Exercise directions:
The lines needed run from the one that contains "a couple of street lamps" through the end of the material below, both included; write them out exactly, with no pictures.

==== Records for this task

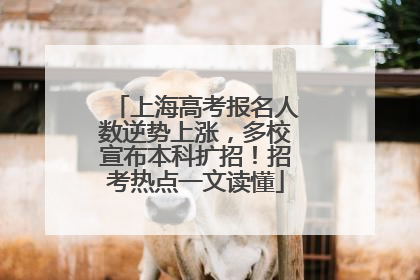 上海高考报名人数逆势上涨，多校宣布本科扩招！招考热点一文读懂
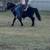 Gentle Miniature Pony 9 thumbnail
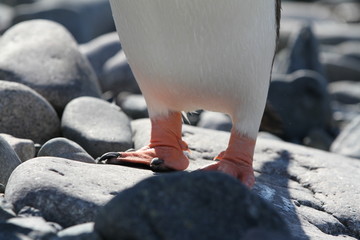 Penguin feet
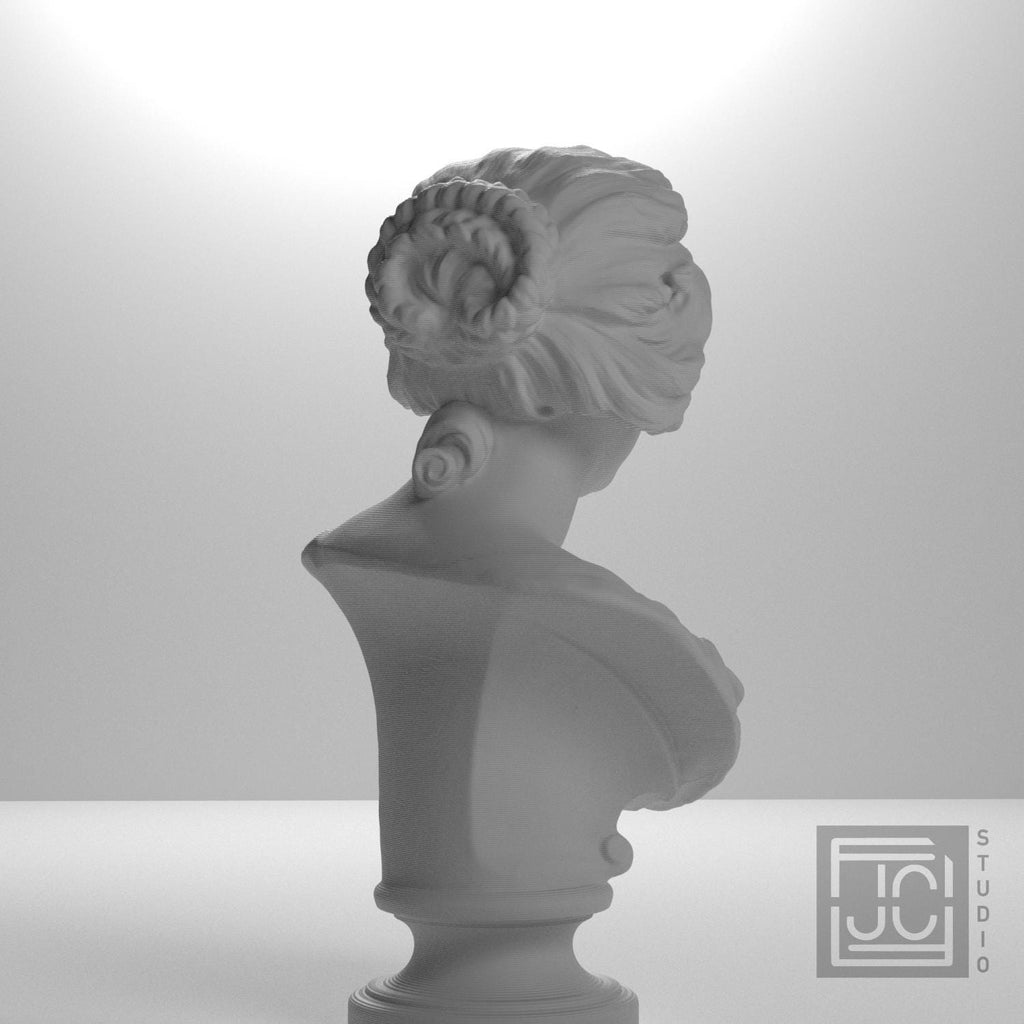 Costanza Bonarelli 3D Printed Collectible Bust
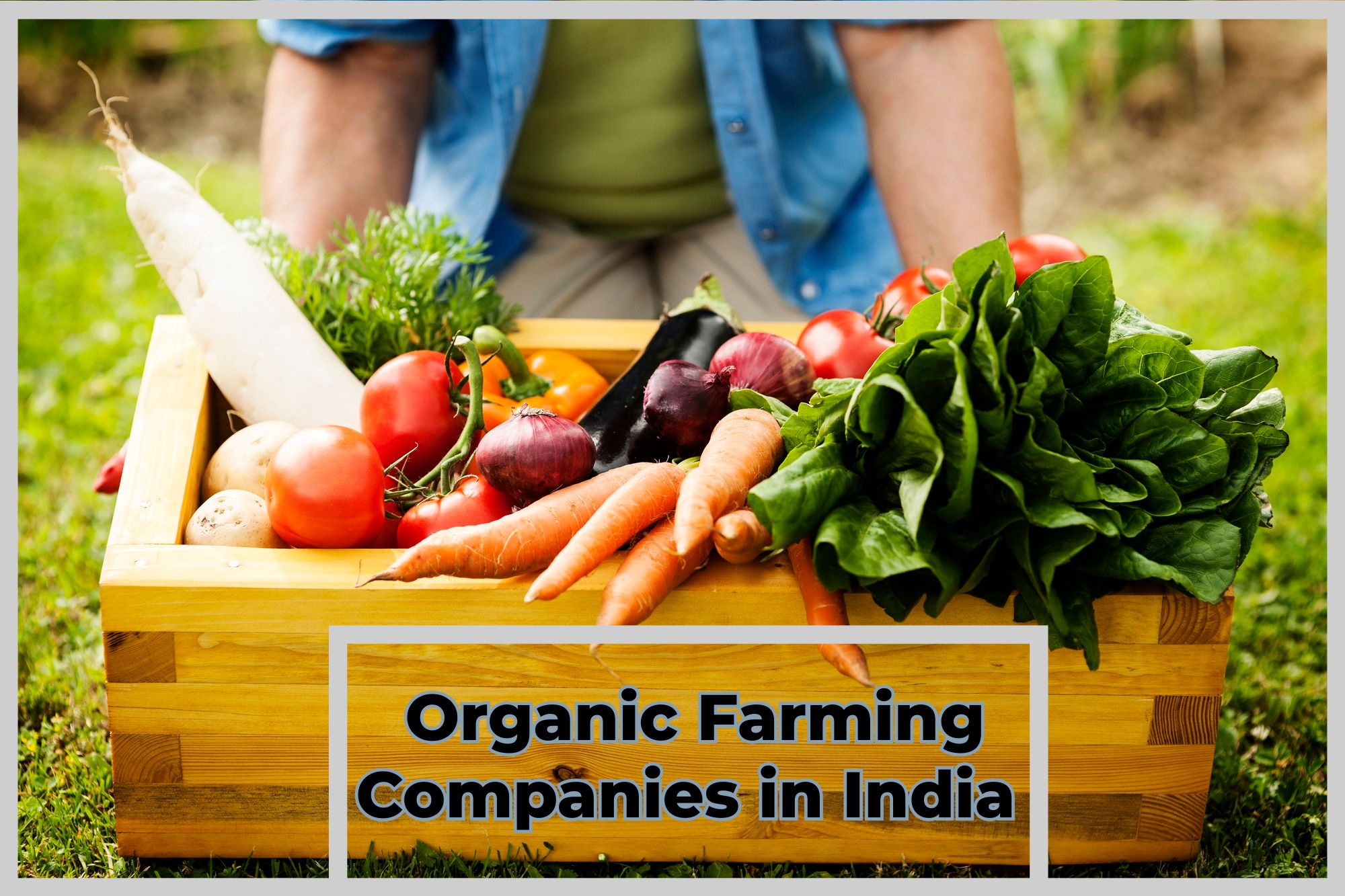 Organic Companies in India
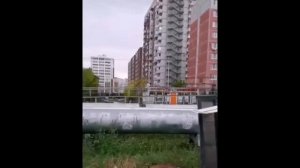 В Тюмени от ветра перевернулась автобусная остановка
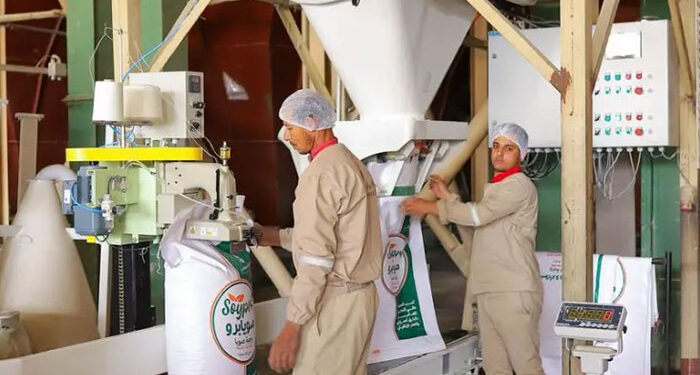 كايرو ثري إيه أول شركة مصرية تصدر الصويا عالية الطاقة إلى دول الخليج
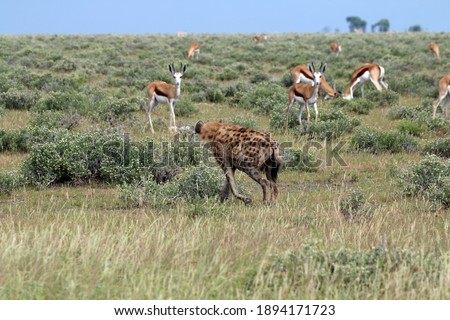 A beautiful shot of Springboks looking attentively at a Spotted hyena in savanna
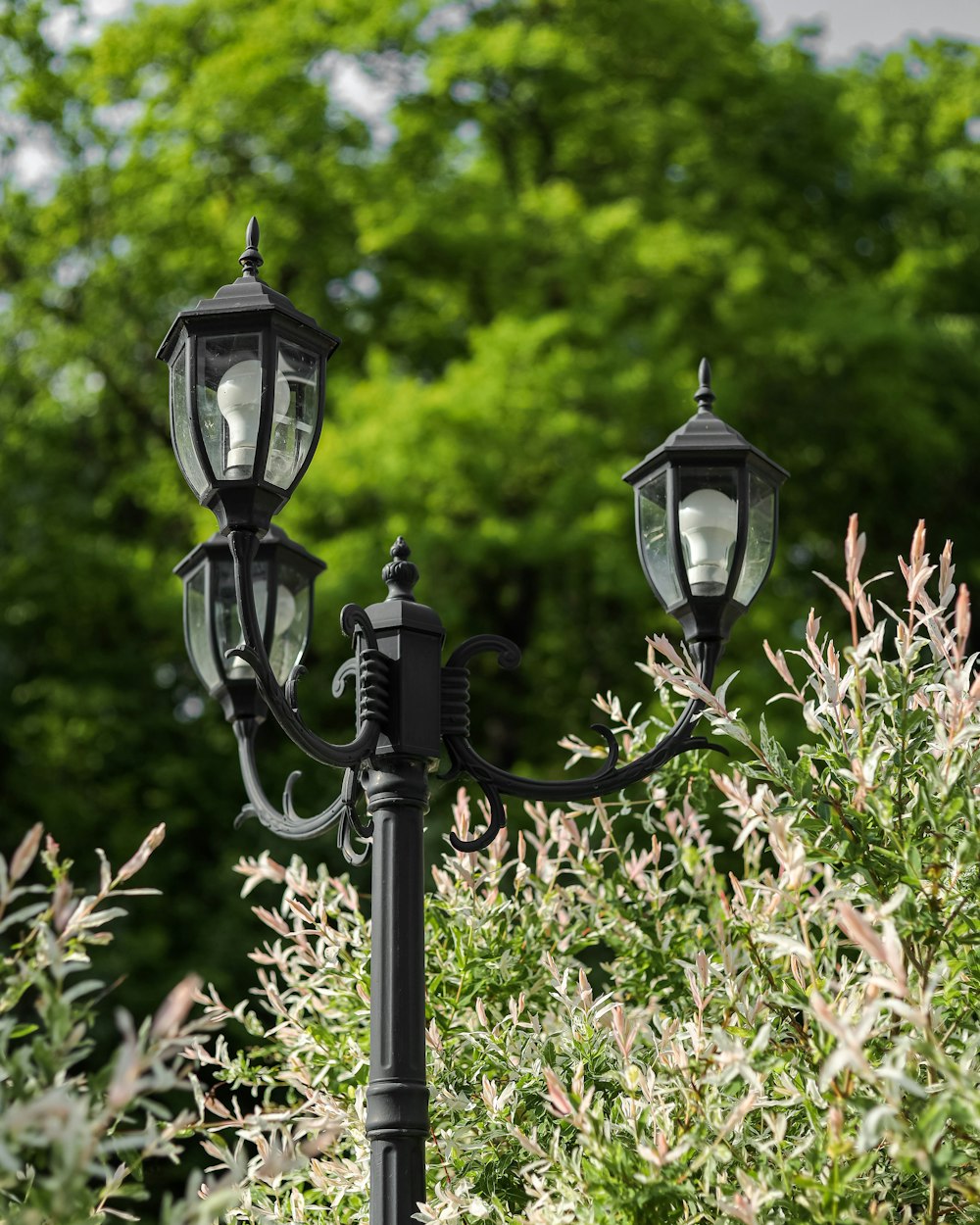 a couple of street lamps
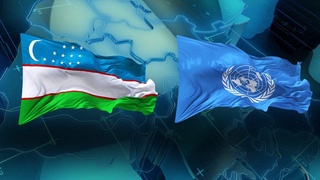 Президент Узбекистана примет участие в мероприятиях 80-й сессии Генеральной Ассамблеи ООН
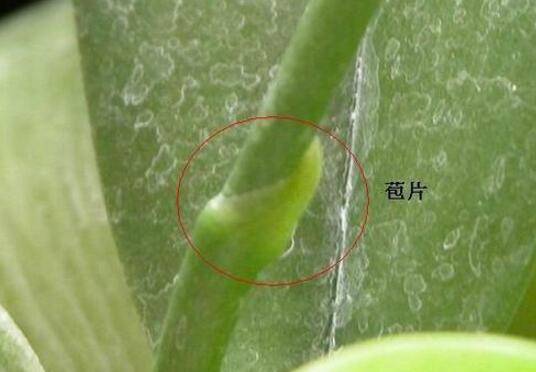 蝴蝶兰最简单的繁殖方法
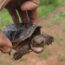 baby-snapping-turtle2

========

Solution for this exercise:
 a couple of street lamps
 Президент Узбекистана примет участие в мероприятиях 80-й сессии Генеральной Ассамблеи ООН
 蝴蝶兰最简单的繁殖方法
 baby-snapping-turtle2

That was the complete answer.